バービーと原爆:「#Barbenheimer」が浮き彫りにした「軍事」と「フェミニズム」という難問

知られざる告発者

映画『バービー』は、笑いあり涙ありの文句なしに手際のいい映画だ。その一方で、バービー人形のIPを有するMattel社のハリウッドを舞台にしたグローバル戦略の第一の矢となる作品でもあることは紛れもない事実だ。そのことが作品にもたらす矛盾は、映画内で自己言及的に指摘されてもいる。おそらく2023年夏を代表することになる大人のポリコレ風刺コメディは、同時に、「人形の人権」をめぐる、ウェルメイドすぎる1時間54分のCMでもある。




一方の『オッペンハイマー』については、現在日本未公開のため、残念ながら内容について語ることができない。冒頭の「National Security Archives」の報告書に戻るなら、オッペンハイマーは、ジョージ・キシャカウスキーの内部告発を受け取ったものの、グローヴズ将軍に対して声をあげなかったとされる。
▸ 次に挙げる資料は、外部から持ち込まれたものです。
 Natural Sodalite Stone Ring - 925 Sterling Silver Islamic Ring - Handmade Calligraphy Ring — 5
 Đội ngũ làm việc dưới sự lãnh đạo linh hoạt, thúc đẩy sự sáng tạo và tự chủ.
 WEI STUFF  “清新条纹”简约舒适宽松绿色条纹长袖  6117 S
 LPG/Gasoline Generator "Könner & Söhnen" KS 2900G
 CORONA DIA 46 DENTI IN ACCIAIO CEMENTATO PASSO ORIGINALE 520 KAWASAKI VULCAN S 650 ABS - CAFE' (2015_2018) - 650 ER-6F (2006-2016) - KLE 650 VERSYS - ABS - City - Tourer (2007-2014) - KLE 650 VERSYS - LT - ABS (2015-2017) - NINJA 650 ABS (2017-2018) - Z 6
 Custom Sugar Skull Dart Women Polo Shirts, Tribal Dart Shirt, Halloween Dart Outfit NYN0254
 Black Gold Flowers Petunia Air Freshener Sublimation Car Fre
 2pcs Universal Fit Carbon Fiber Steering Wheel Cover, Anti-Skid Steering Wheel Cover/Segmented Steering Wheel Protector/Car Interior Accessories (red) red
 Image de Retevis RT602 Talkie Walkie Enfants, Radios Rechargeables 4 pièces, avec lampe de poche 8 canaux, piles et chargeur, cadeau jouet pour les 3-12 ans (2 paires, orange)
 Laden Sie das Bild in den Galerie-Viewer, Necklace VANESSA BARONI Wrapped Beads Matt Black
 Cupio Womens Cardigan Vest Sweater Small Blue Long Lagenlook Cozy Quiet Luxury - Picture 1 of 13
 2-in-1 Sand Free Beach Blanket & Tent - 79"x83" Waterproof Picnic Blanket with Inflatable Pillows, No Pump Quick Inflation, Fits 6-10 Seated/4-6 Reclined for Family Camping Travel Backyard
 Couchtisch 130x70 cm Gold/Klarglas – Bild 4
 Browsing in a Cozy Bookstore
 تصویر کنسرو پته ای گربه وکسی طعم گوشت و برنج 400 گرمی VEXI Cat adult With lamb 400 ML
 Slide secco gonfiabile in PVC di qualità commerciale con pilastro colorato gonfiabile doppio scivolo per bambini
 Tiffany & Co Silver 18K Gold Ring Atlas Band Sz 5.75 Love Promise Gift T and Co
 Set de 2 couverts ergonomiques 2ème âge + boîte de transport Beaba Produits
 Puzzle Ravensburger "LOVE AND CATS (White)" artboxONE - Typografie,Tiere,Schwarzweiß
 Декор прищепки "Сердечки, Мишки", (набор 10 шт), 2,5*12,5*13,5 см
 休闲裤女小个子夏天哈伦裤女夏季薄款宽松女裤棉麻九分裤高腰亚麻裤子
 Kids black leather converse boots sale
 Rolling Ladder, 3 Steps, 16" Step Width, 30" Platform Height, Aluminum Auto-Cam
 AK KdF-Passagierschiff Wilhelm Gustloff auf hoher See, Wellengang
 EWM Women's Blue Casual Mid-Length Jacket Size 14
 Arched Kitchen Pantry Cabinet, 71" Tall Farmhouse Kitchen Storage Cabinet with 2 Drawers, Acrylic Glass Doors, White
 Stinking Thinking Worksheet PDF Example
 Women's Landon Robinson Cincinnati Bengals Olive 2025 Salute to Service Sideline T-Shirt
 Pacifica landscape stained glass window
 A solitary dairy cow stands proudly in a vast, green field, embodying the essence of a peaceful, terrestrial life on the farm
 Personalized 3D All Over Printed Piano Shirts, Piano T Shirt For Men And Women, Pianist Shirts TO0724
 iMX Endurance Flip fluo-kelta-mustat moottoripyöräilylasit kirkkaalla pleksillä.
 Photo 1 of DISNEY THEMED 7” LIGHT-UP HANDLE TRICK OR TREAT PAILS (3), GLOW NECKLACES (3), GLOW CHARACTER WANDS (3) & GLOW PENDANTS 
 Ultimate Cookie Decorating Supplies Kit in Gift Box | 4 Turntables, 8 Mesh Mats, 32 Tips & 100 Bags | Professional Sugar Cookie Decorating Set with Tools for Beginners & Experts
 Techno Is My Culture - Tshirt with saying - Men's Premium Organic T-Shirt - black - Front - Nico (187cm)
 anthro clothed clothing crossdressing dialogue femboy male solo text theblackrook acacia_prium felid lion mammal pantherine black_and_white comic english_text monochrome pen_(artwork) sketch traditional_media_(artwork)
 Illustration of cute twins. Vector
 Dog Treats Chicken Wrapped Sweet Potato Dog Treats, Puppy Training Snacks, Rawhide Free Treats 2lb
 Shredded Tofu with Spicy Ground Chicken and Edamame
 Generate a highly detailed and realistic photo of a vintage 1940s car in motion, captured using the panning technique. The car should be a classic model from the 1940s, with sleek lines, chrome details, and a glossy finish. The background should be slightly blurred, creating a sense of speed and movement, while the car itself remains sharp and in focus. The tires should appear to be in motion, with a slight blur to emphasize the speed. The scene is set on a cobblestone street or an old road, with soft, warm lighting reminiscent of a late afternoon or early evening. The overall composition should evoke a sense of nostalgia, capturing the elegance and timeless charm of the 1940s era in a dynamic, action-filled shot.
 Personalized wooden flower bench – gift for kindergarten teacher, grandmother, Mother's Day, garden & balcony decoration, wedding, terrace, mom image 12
オッペンハイマーのこの沈黙を、映画はいったいどのように描いているのだろうか。Slateは、オッペンハイマーに対して終始手厳しい記事を、以下の文章で締めくくっている。

 この時、オッペンハイマーはすでにロスアラモス研究所を去っていたが、政府の諮問委員会のメンバーではあった。多くの科学者と同様、彼もまた放射線の被害を過小評価していた。しかし、彼は、研究員たち調査から、グローヴズのコメントが虚偽であることは知っていた。「原爆の父」と讃えられた彼が、自分の手が血塗られたものであることを悟り、ハリー・トルーマン大統領に告白したのは有名な話だ。けれども、彼はグローヴズの嘘については、公には一度も言及しなかった。

 しかし、誰も声を上げなかったわけではない。グローヴズが上院の原子力特別委員会で証言した1週間後の1945年12月6日、マンハッタン計画に関わった科学者で、日本での原爆被害の調査チームの一員だったフィリップ・モリソンは、同委員会に出席し、グローヴズのでたらめに真っ向から対立する証言を行った。モリソンはその後、マサチューセッツ工科大学(MIT)の物理学教授となり、マンハッタン計画の退役軍人を含む科学者たちのコミュニティで、核軍縮と軍備管理を主張する活動家となった。

 きっとそのうち誰かが彼の映画をつくるだろう。